Walter leaving and shift to XP.

Joshua N Pritikin jpritikin at pobox.com
Tue Apr 22 19:25:12 EDT 2008


On Tue, Apr 22, 2008 at 05:29:58PM -0400, Ivan Krstić wrote:
> "Eventually, Negroponte added, Windows might be the sole operating  
> system ... Negroponte said he was mainly concerned with putting as  
> many laptops as possible in children's hands."
> 
> -- via Associated Press
> <http://ap.google.com/article/ALeqM5hXa0O9XLMsWfaqt-sI9FqFy2IewgD9073PPG0 
>  >

Naughty Ivan, you are quoting out of context: "Eventually, Negroponte 
added, Windows might be the sole operating system, and Sugar would be 
educational software running on top of it."

Considering the complete sentence, it is clear to me that this is a case 
of the reporter being confused by technology.

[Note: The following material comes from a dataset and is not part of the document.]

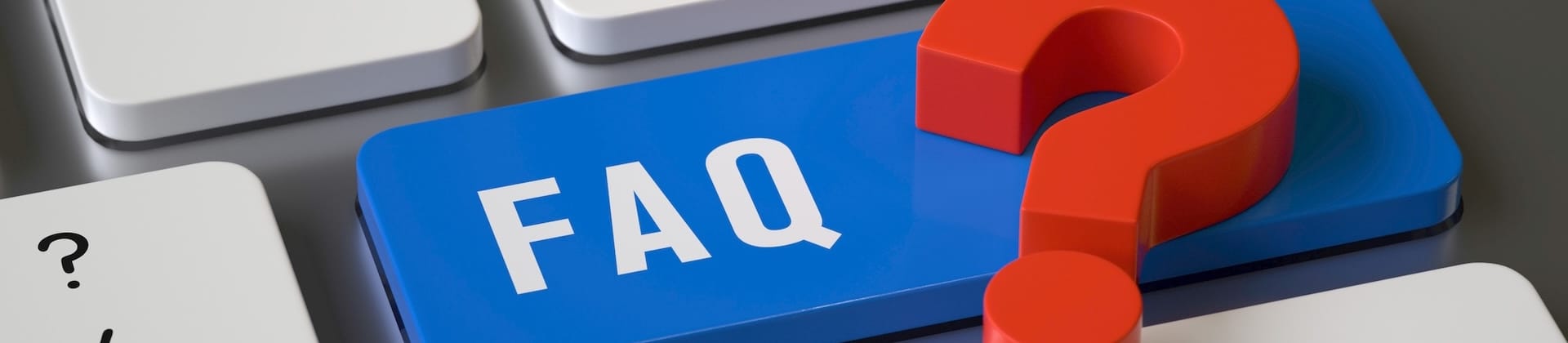 常見問題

We all know that Sugar 
could never run on Windows as well it as can run on Linux. The laptop 
might run Windows or Linux or both, but not Sugar on Windows.

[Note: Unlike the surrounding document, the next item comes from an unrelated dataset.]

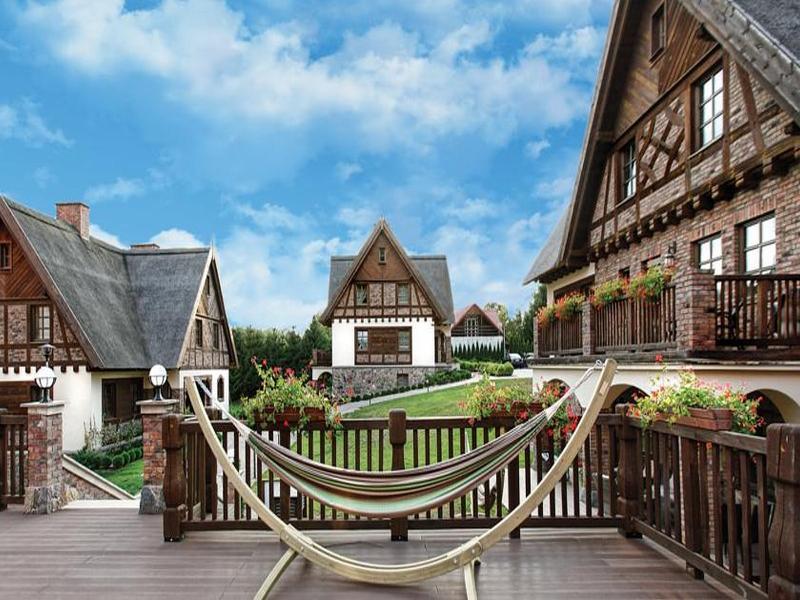 Aubrecht Country 4* Przechlewo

The article continues: "That might disappoint advocates of open-source 
software who helped bankroll OLPC and cheered the challenge it 
represented to Microsoft's dominance."

Sure, I would be disappointed. But let's look at that scenario. Suppose 
OLPC was bought out by Microsoft and all laptops came loaded with 
Windows. OK, at least we still have Sugar. The game changes thusly: How 
long will it take to make Sugar better than the proprietary 
alternatives?

But that's basically the same game we are playing, in any case. And we 
have been playing that game for decades and winning.

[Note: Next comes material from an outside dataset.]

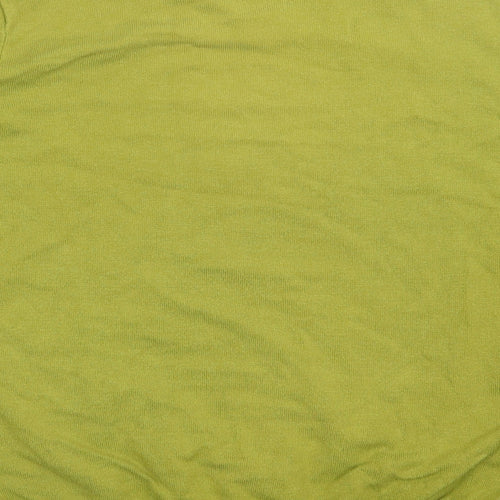 BM Womens Green   Pullover Jumper Size XL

The article continues: "Wayan Vota, whose OLPC News blog reported 
Bender's departure Monday, said he feared Sugar would get neglected on 
XOs that run Windows."

Whose side is Wayan Vota on anyhow? I am not sure whether he is biased, 
but his ability to analyze news is nil. He's a rumor mill. He thrives on 
hyperbole and unconfirmed reports. Get a grip people.

At least Ivan quoted this part properly: "Negroponte said he was mainly 
concerned with putting as many laptops as possible in children's hands."

I don't know about you, but that makes sense to me. Carol Lerche is 
right: we need to be pragmatic and get this laptop into the hands of the 
children who can benefit even if that means our software stack is 
tainted with a little proprietary software.

By my judgment, I'm glad Richard Stallman isn't running OLPC. He would 
have delayed the launch until we have a GPL'd replacement for the mesh 
firmware. As it is now, we have a laptop which is more pure license-wise 
than any other laptop available at about half the cost of the 
competition. And we have had mesh networking in production for about six 
months. Who else has mesh networking? Nobody. That's not an ideal 
position; we should replace the firmware. None the less, it is a pretty 
good position.

To hold that position, we have got to stop wasting time discussing FUD 
and make the software work. As I noted, we have to do that anyway, even 
if we didn't have a lovely green laptop as a delivery platform. The race 
is on for educational software. Even when teachers are smart enough to 
prefer free software, teachers are going to use whatever software is 
available. Let's make free software available.